- Directions for this task -
Apart from the pictures, everything in the lines below must be printed exactly.

::: Available data

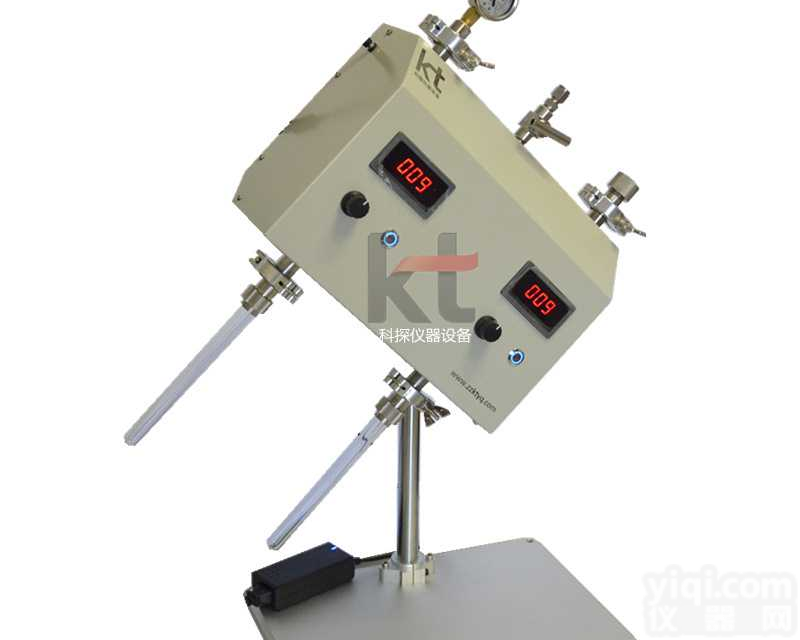 兰州供应实验室石英<em>玻璃</em>管<em>封口机</em>,<em>玻璃</em>管<em>封口机</em> 厂家直销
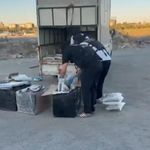 İstanbul'da uyuşturucu operasyonu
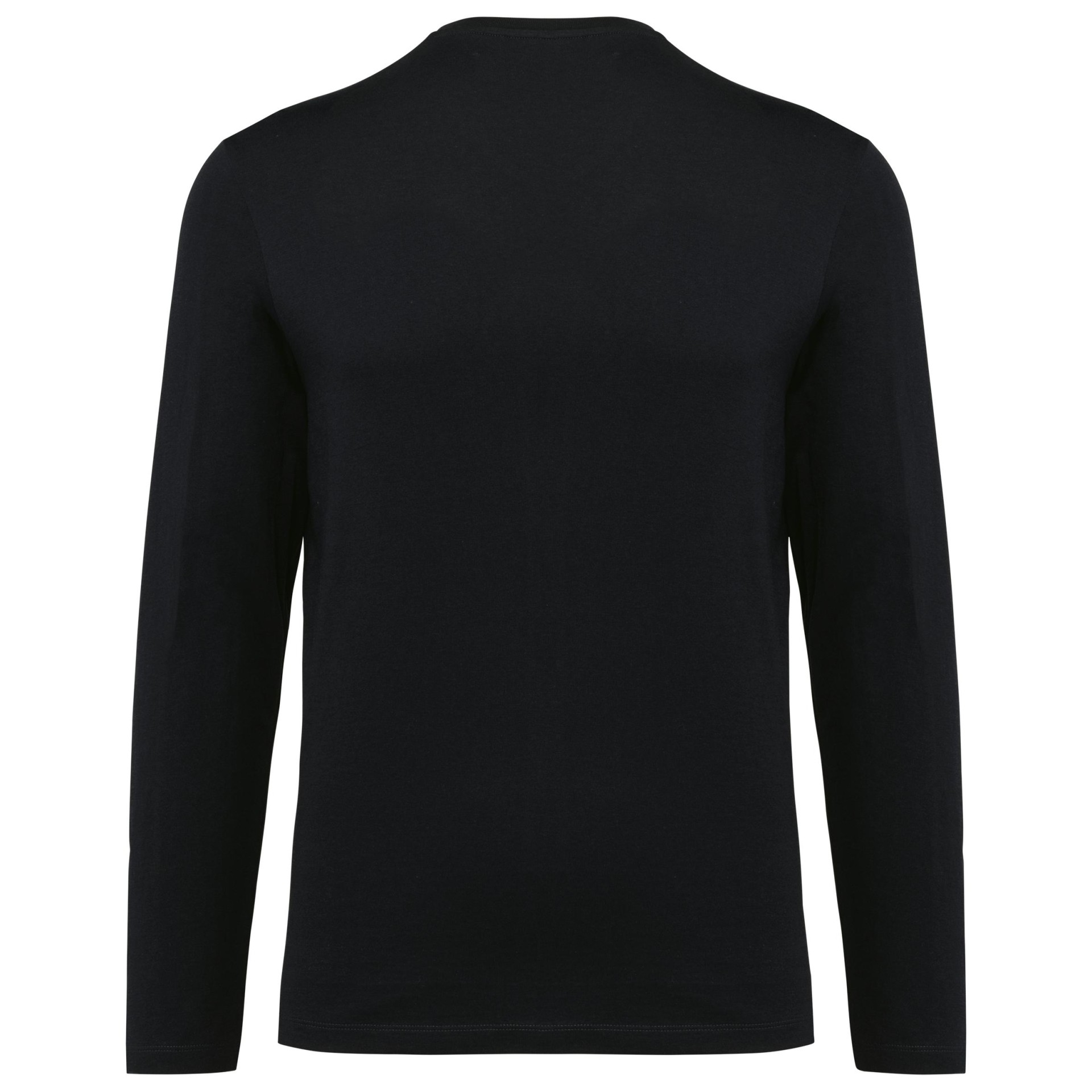 T-shirt SUPIMA® - PK306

::::::

- Task answer -
 兰州供应实验室石英<em>玻璃</em>管<em>封口机</em>,<em>玻璃</em>管<em>封口机</em> 厂家直销
 İstanbul'da uyuşturucu operasyonu
 T-shirt SUPIMA® - PK306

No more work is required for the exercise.